Virtual Radiologic, a Minneapolis-based remote reading firm has successfully applied this model both in the United States as well as overseas. The company recently signed an agreement with Arabia and late last year inked a technology and interpretation deal with Pro-Laudo, a Brazilian teleradiology group.
“In Brazil, an acute shortage of radiologists in non-metropolitan areas poses socio-economic inequalities in healthcare delivery,” says Felipe Nirenberg, MD, co-founder and CEO of Pro-Laudo. “Now, we can devote our full attention to providing customers with quality patient care, and realize more quickly our growth potential.”
Several time zones away, Virtual Radiologic successfully negotiated a multi-year agreement with Lion City Radiology of Singapore to provide preliminary interpretations of CT and MRI studies for its affiliates in Singapore and the United Arab Emirates (UAE).
According to Vas Metupalle, MD, managing director of Lion City, the partnership allows his group to expand its service offerings in both Singapore and the UAE.
“We can now provide the round-the-clock coverage and high quality subspecialty expertise that our clients in Singapore and UAE demand,” he says.
Greg Rose, MD, president and CEO of Bellaire, Texas-based NightRays says he has seen a 33 percent growth in new client contracts for his practice over the past year.

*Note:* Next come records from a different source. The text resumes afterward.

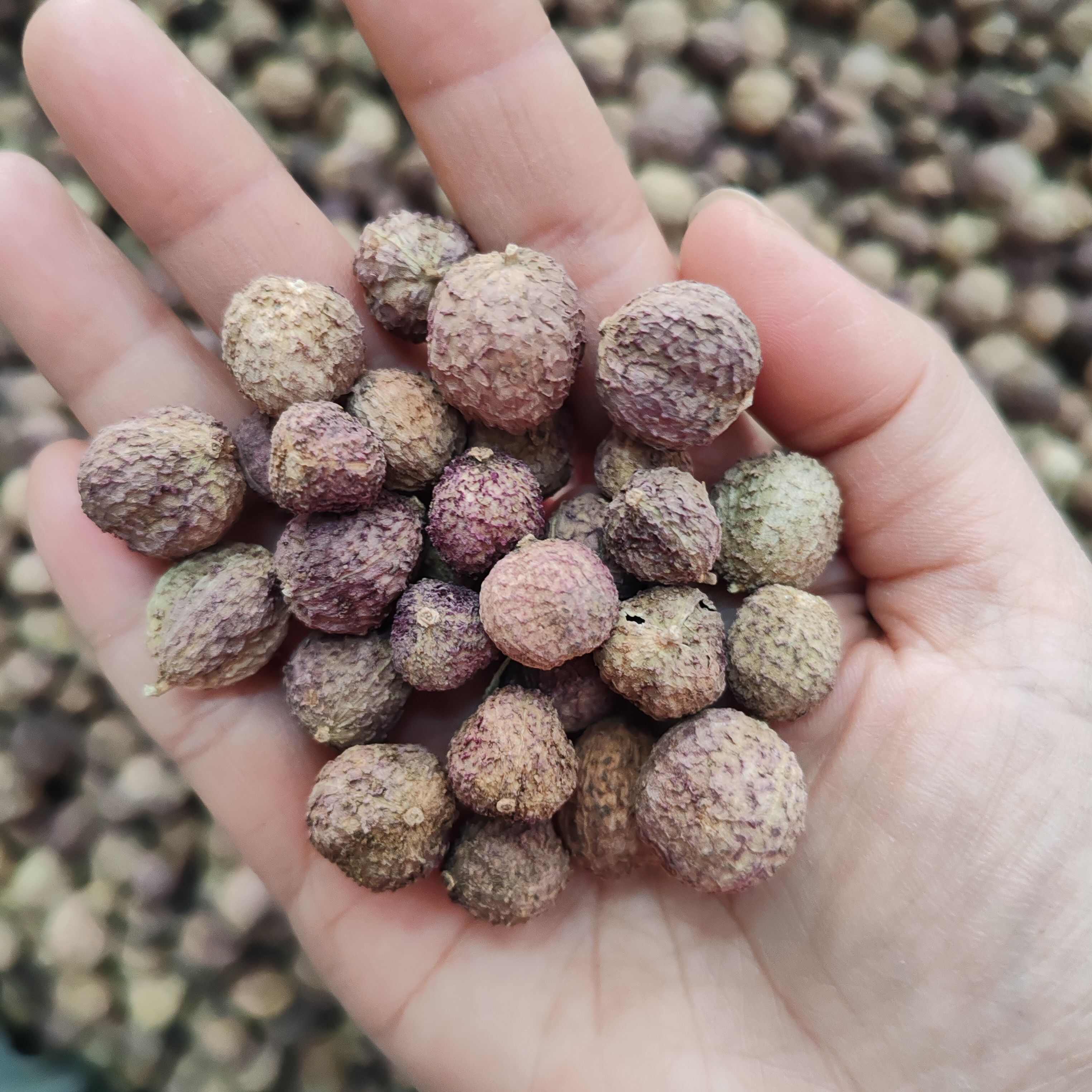 砂仁干货春砂仁云南砂仁500克砂仁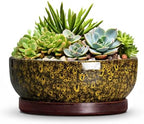 8 Inch Ceramic Succulent Pots with Saucer, Yellow Leopard by Unknown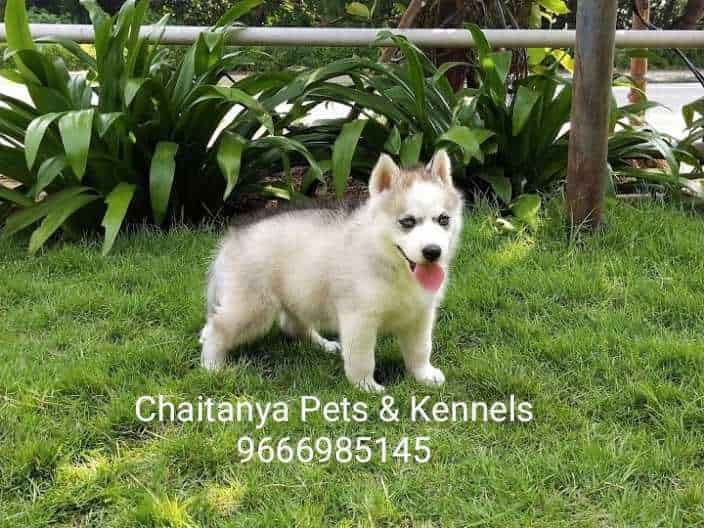 Chaitanya Pets & Kennels, Osmania University Dog Kennel Dealers in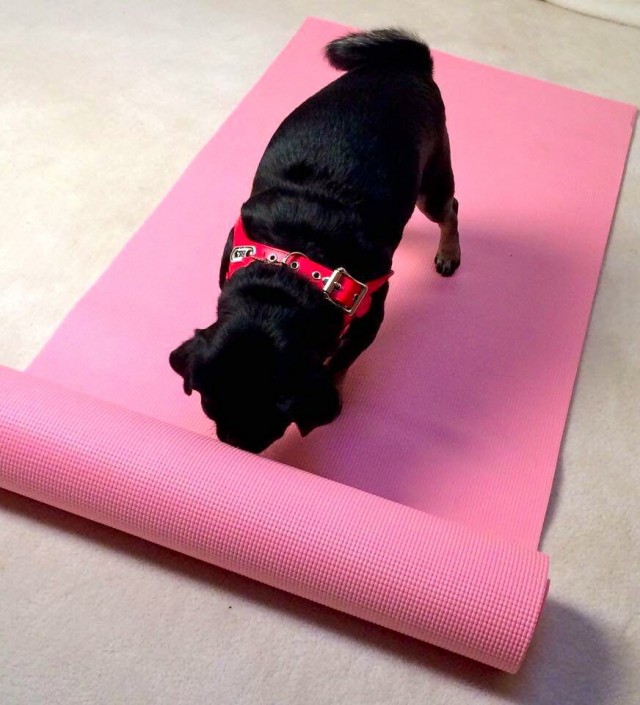 kilo-the-pug-unrolling-a-yoga-mat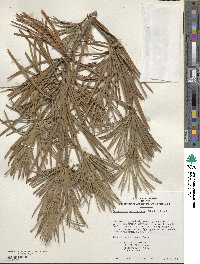 Sciadopitys verticillata image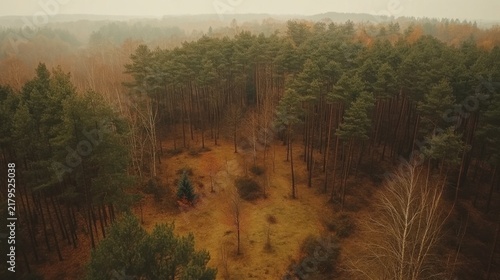 Aerial View of Misty Autumn Forest Landscape in Poland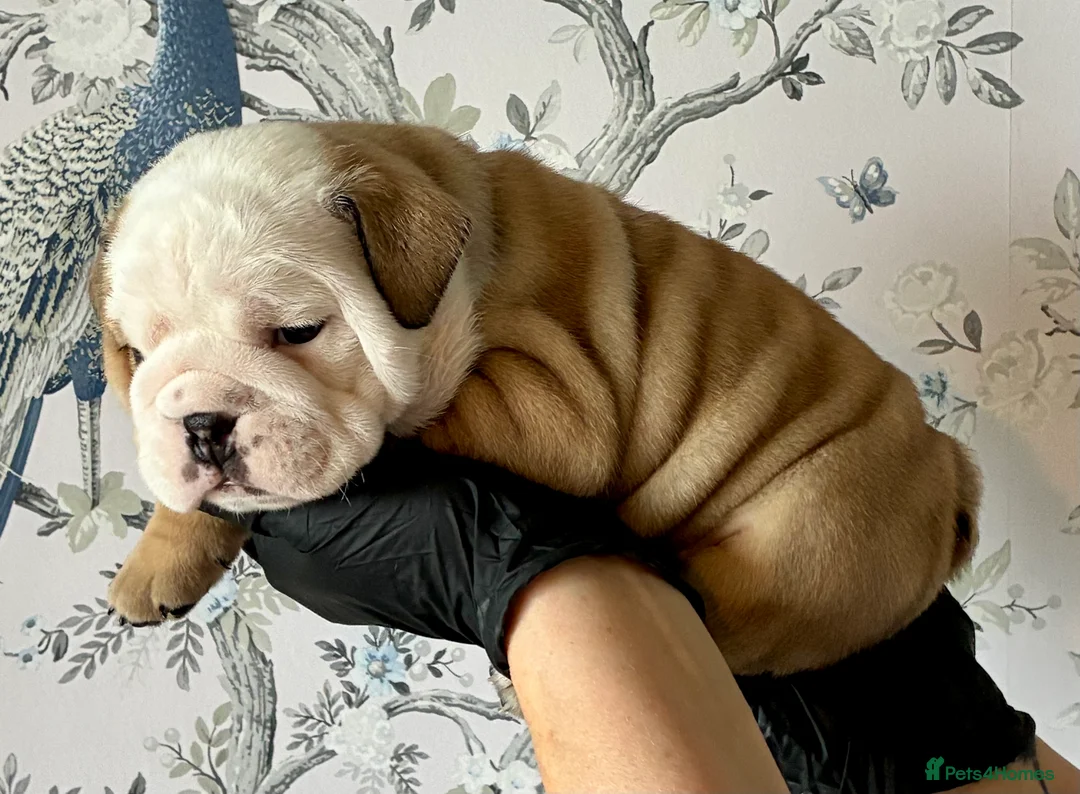 English Bulldog dogs for sale: English Bulldogs - Advert 9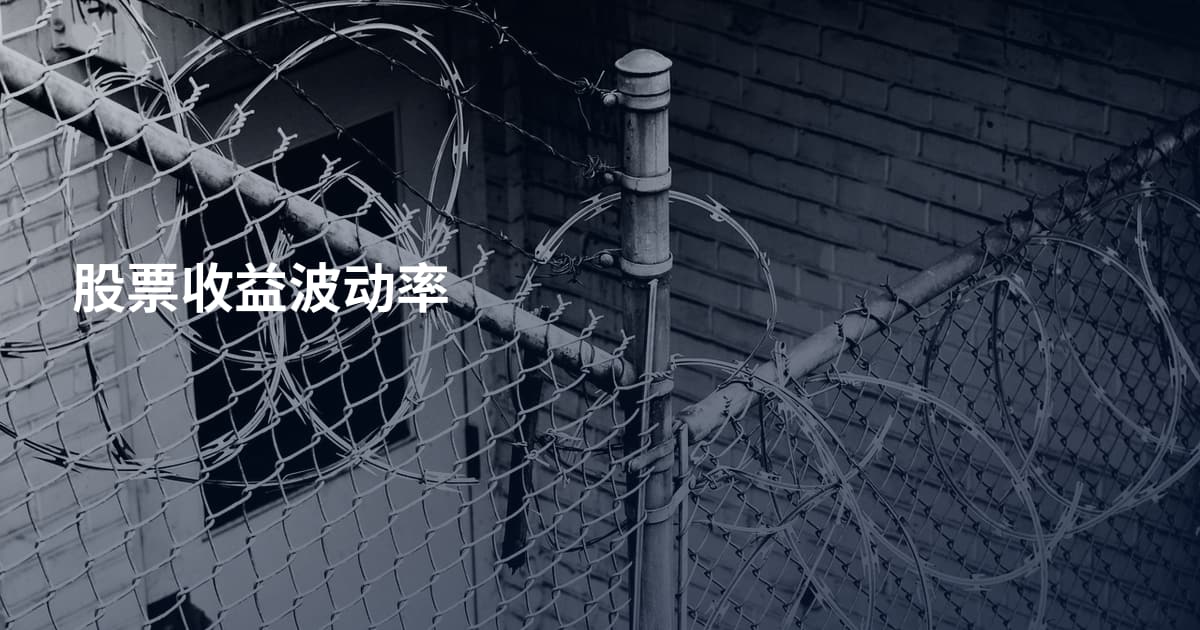 股票收益波动率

One of these clients, Associated Radiologists in Jonesboro, Ark., selected the group to provide subspecialty and other interpretative services.

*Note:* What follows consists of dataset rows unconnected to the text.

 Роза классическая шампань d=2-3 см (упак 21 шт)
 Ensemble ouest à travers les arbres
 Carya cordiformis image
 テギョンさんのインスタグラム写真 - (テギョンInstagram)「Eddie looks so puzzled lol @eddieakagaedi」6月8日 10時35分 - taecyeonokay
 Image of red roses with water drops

“After evaluating several key players in the teleradiology field, we felt that our best option was to move forward with NightRays,” says John B. Lieblong, CEO and administrator of Associated Radiologists. “NightRays has an impeccable record of providing quality service, efficiently, and provided a customized solution to meet our radiology needs.”

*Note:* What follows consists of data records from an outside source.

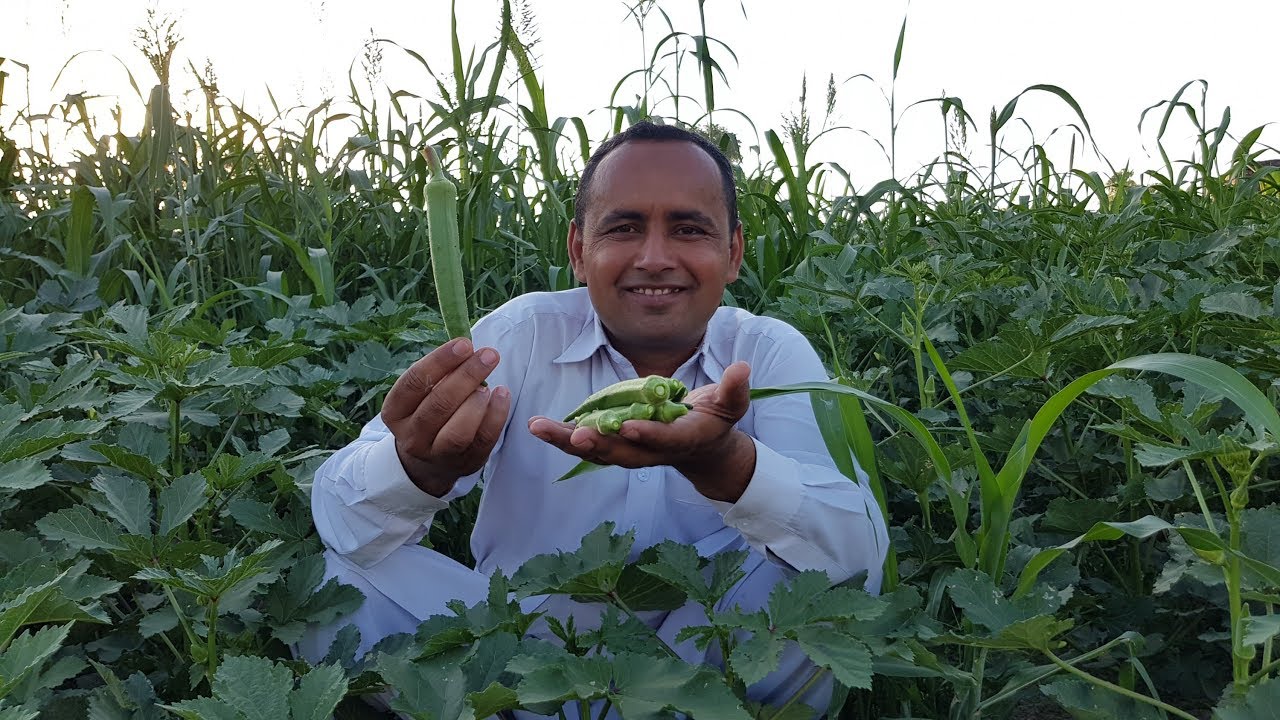 Bhindi Keema Recipe | Masala Bhindi Qeema | Mubashir Saddique | Village Food Secrets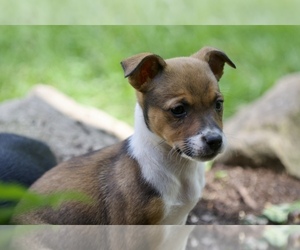 Australian Shepherd-Jack Russell Terrier Mix Puppy for sale in ORRVILLE, OH, USA
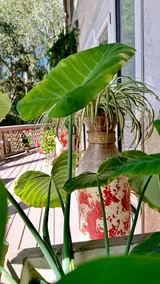 Montecito Serene Retreat - Image 3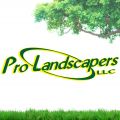 Pro Landscapers LLC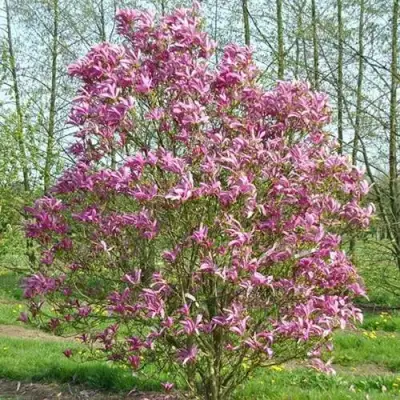 Магнолия СЬЮЗАН в Барановичах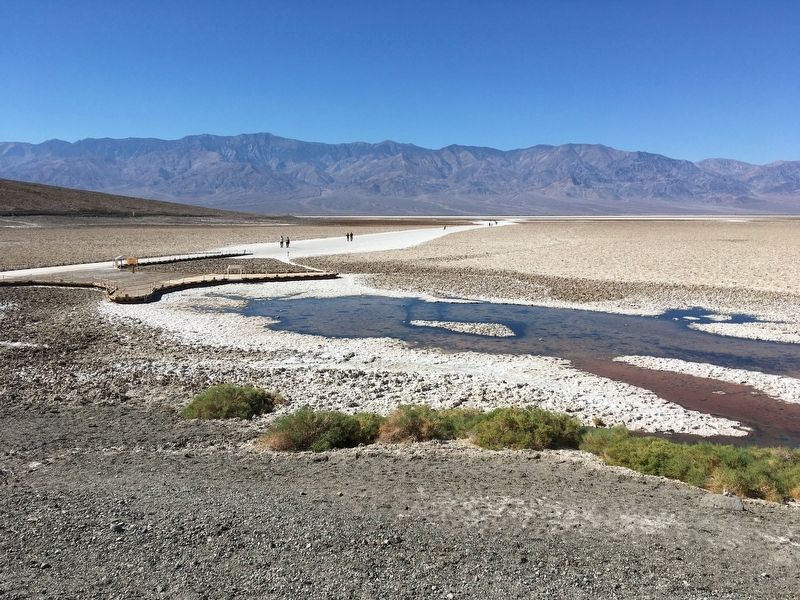 Badwater Pool image. Click for full size.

Franklin & Seidelmann Subspecialty Radiology is a subspecialty radiology interpretation provider in the U.S. serving imaging centers, in-office practices, radiology groups and hospitals.
“When it comes to radiologist staffing, it is getting more challenging to appropriately staff with the full breadth and depth of radiology expertise needed to support all modalities and physician specialties,” says Peter D. Franklin, MD, co-founder and medical director of the Cleveland-based firm. “A single staffing model just doesn’t adequately support physician and patient needs anymore. Imaging facilities are using a blend of onsite and virtual staffing models to get the right mix of general and subspecialty interpretation expertise to ensure physician satisfaction, increase referrals, improve patient outcomes, mitigate malpractice exposure, and support new revenue streams as a result of high-end modality purchases.”
Lighthouse Diagnostic Imaging of Lone Tree, Colo., is a practice that has put this virtual model into place.
“To offset losses from DRA cuts in reimbursements and to increase our referrals and market share, it made sense to utilize a subspecialty teleradiology model which is more cost-effective than hiring full-time multi-subspecialist positions that would probably be underutilized at times,” says Mark Forte, MD, medical director and CEO. “We have seen an increase in referrals for neuro and spine imaging, as well as an increase from orthopedic surgeons in our community.”
Bradley sees that the trend for further growth in teleradiology is favorable, given current market forces.
“Given the opportunity afforded by off-site teleradiology to connect subspecialist clinicians with subspecialist radiologists, use of this technology is likely to increase,” he wrote. “While there may be an element of commoditization with off-site teleradiology, patient care will be improved—and this should always be our highest priority.”